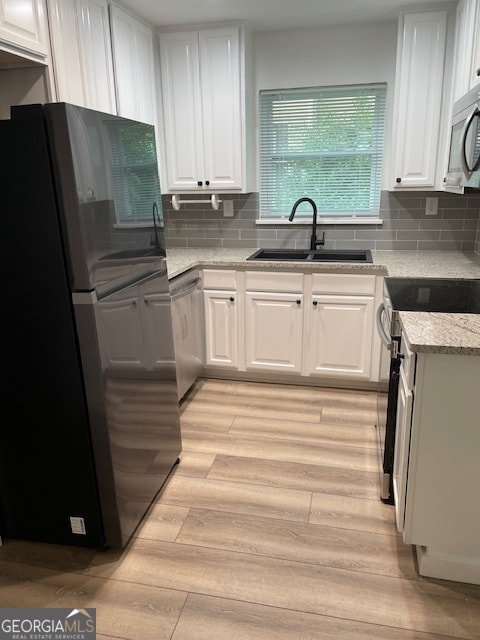 kitchen with white cabinetry, light hardwood / wood-style floors, appliances with stainless steel finishes, and sink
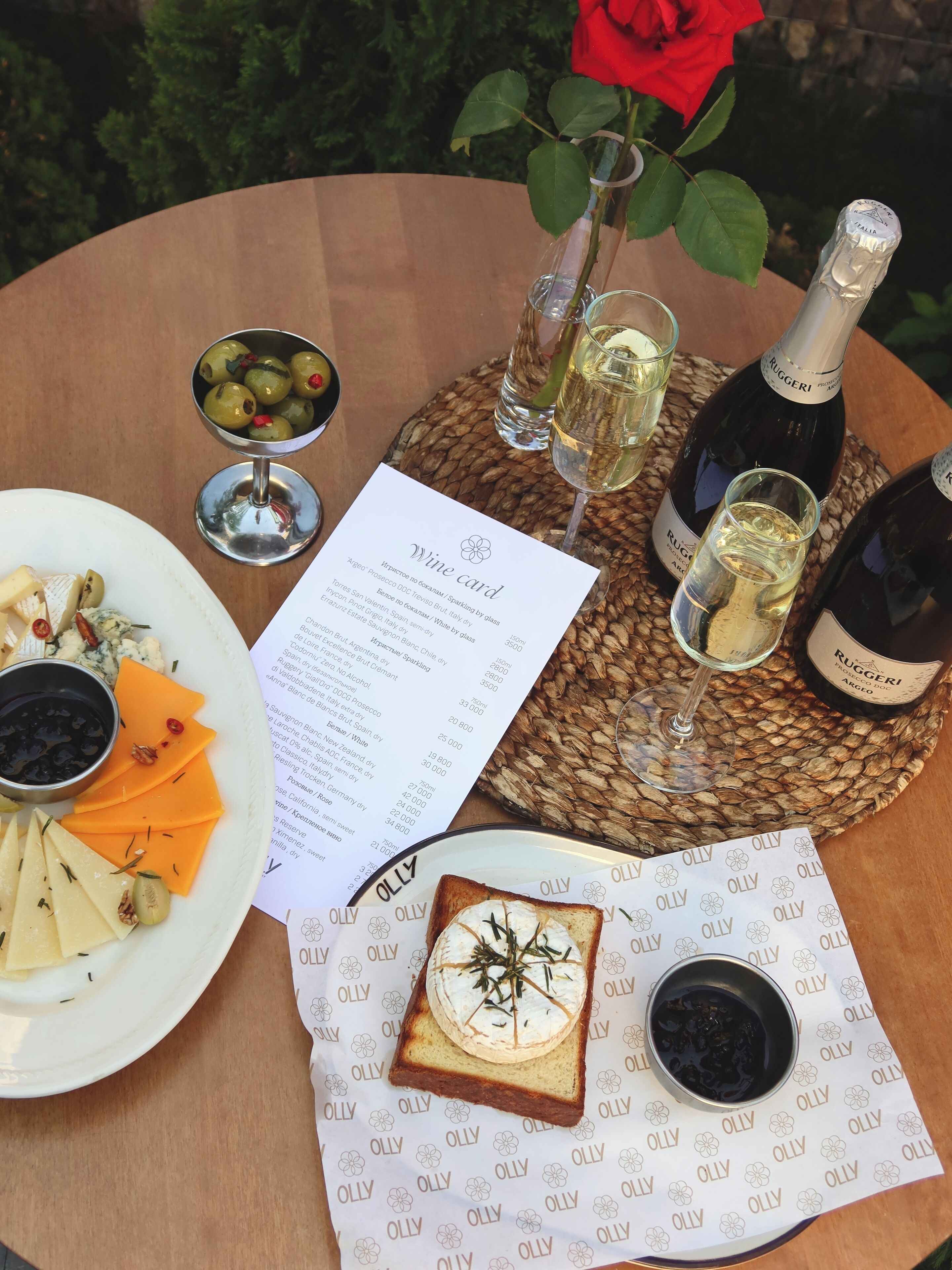A table with a wine bottle, glasses, a menu, and a plate of food.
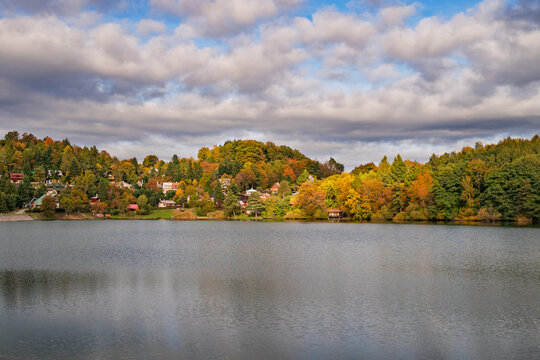 View of Velka Richnava lake with colorful autumn trees and hillside houses under a cloudy sky in Stiavnicke Bane, Banska Bystrica Regio, Slovakia.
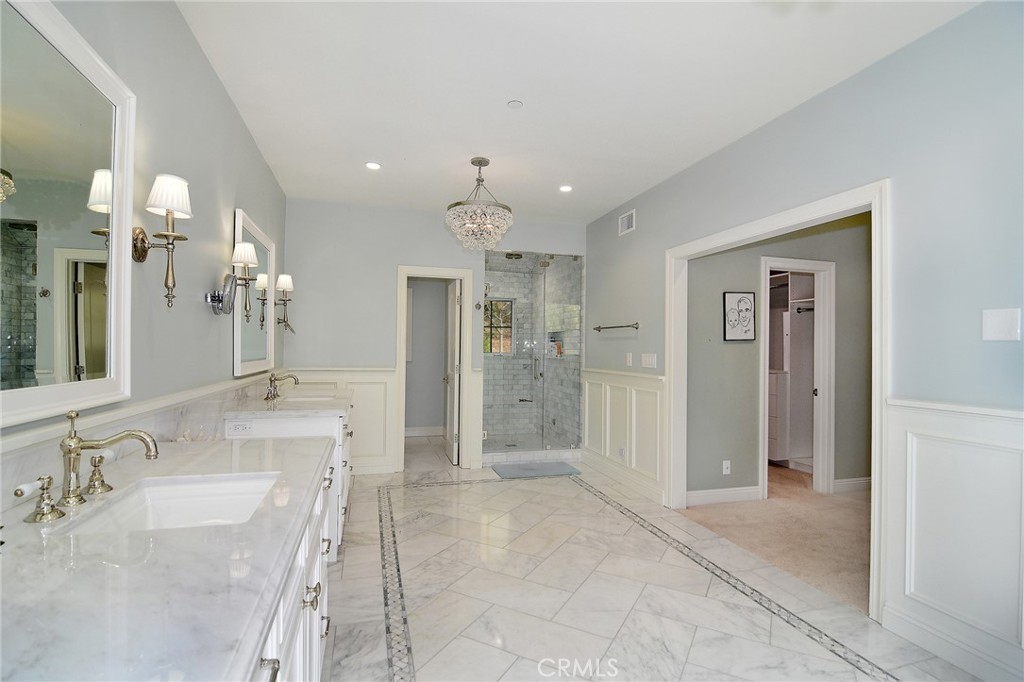 28600 Wagon Road Agoura Hills, CA 91301 - Photo 23 of 44 a bathroom with a granite countertop sink a large mirror and shower
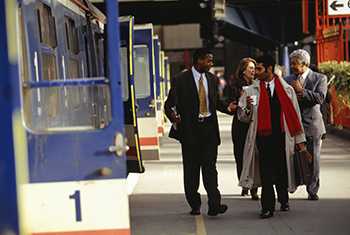 Business people walking on train platform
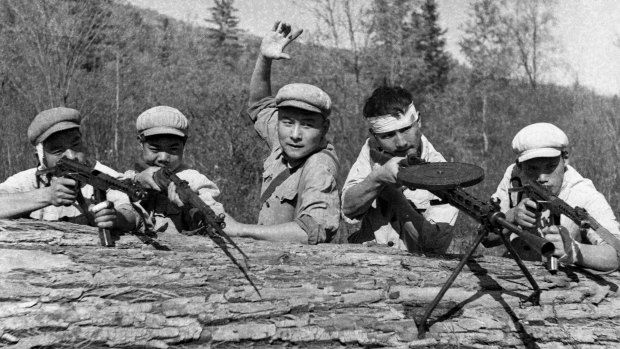 Wang Qiuhang, centre, and other members of a military construction squad in 1970, enacting a fictitious battle scene near the Soviet border.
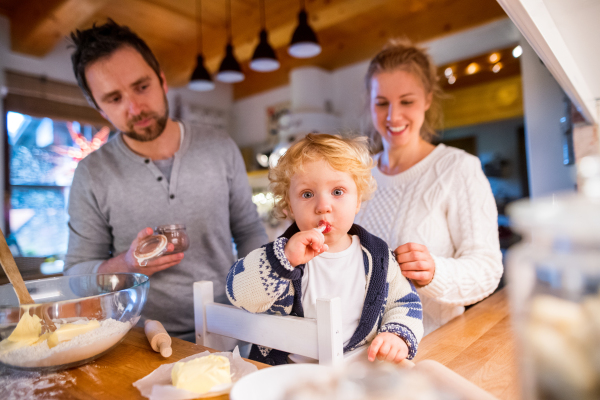 Beautiful young family making cookies at home. Father, mother and a toddler boy baking gingerbread Christmas cookies.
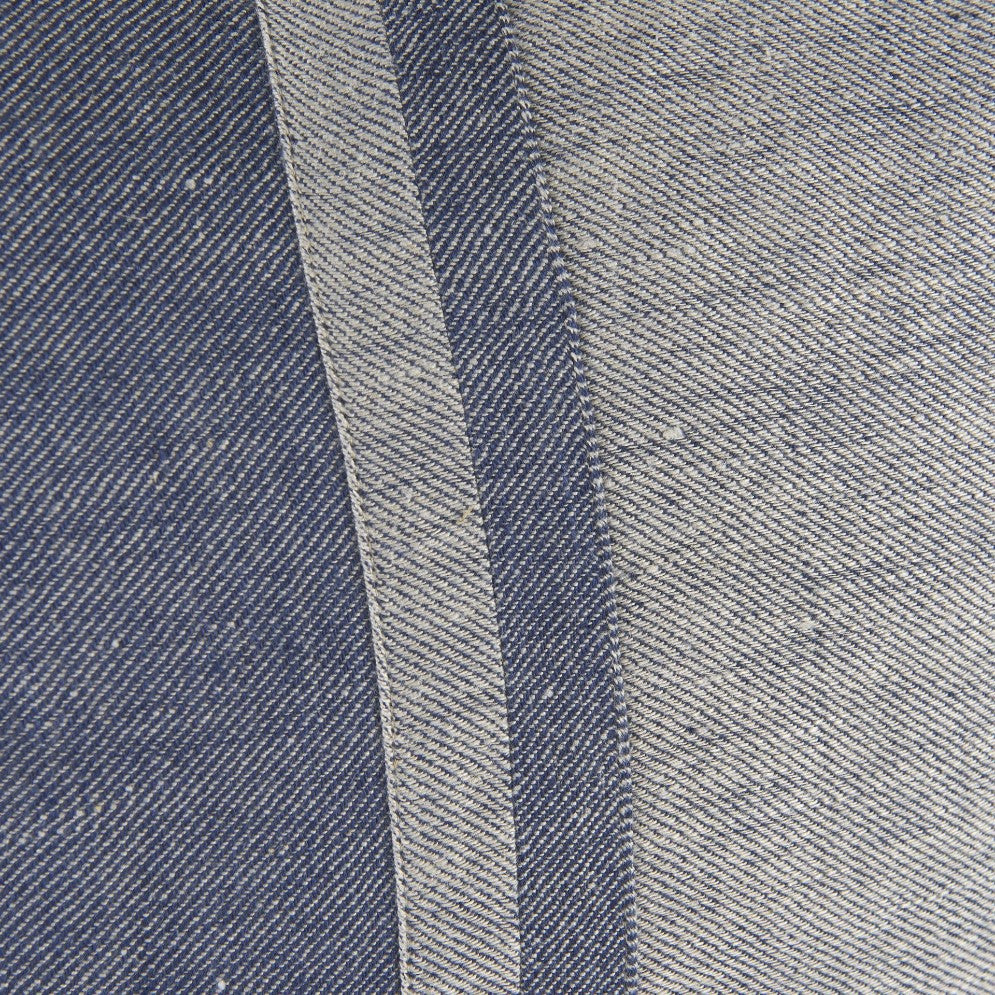 Close-up of blue and white striped denim fabric.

* **What you have to do**:
Look above for the line with "Business people walking on train platform" and the line with "Beautiful young family". Give again exactly those two lines and all lines between them, pictures excluded.

* **Written answer**:
 Business people walking on train platform
 Wang Qiuhang, centre, and other members of a military construction squad in 1970, enacting a fictitious battle scene near the Soviet border.
 Beautiful young family making cookies at home. Father, mother and a toddler boy baking gingerbread Christmas cookies.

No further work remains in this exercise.